# YOUR TASK
With the pictures left out, please write out exactly each line from the one containing "Dálkový ovladač Emerx LG 6710V00007W" through the end of the material.

# EXCERPTED DATA
▬▬▬▬▬▬

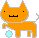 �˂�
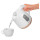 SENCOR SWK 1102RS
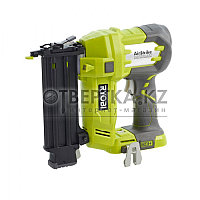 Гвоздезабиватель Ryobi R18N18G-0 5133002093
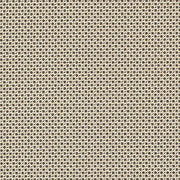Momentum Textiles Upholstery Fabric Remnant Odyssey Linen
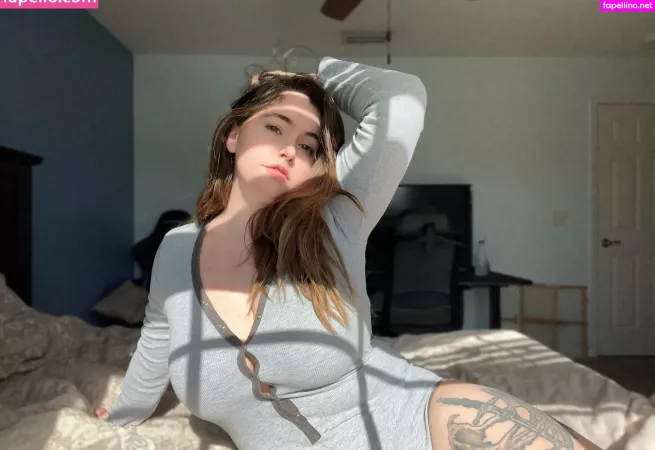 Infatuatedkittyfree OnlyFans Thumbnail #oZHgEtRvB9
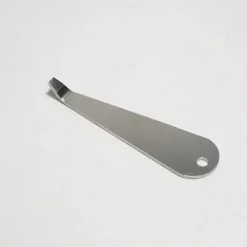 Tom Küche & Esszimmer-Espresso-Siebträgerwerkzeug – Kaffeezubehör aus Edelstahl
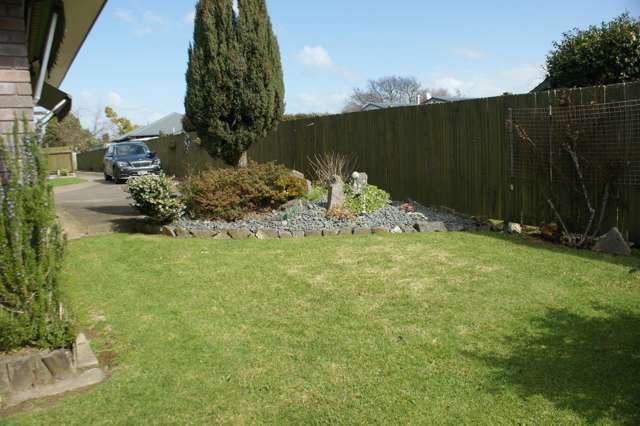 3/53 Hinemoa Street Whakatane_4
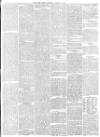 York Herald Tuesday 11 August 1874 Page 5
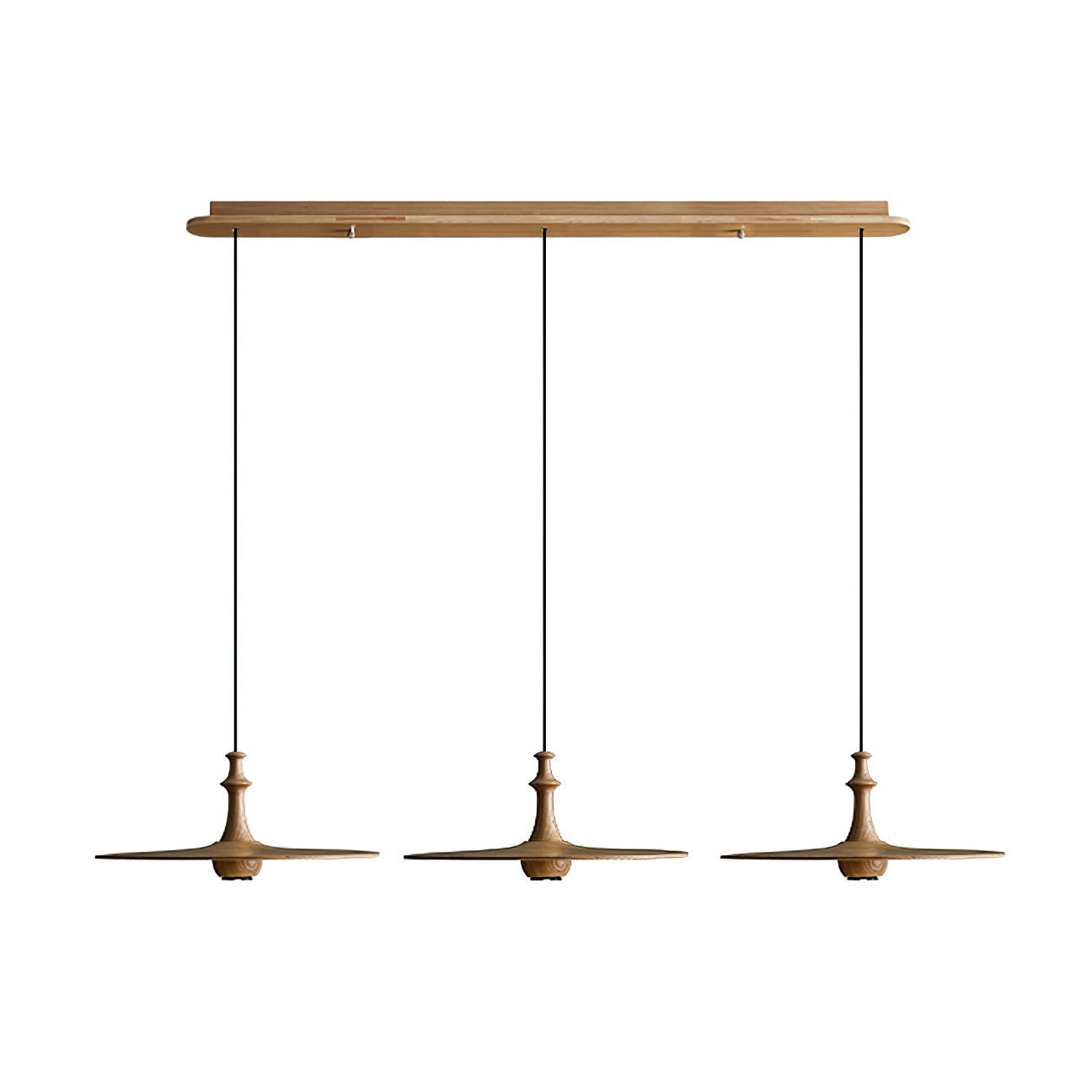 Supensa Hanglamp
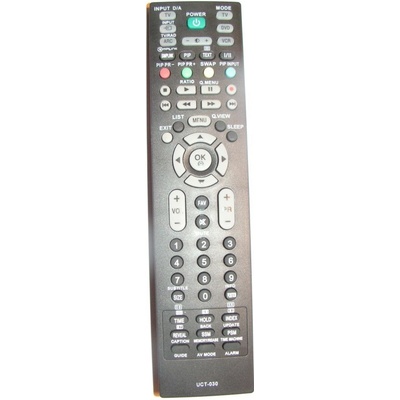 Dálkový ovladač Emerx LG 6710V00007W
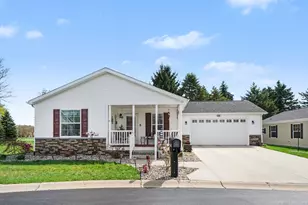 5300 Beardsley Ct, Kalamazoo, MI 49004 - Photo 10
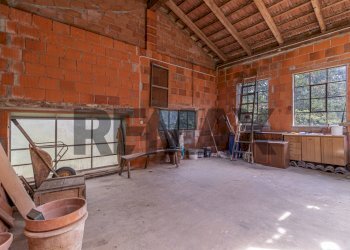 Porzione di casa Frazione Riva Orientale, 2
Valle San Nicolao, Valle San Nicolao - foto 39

▬▬▬▬▬▬

# ANSWER TO THE PROBLEM
 Dálkový ovladač Emerx LG 6710V00007W
 5300 Beardsley Ct, Kalamazoo, MI 49004 - Photo 10
 Porzione di casa Frazione Riva Orientale, 2
Valle San Nicolao, Valle San Nicolao - foto 39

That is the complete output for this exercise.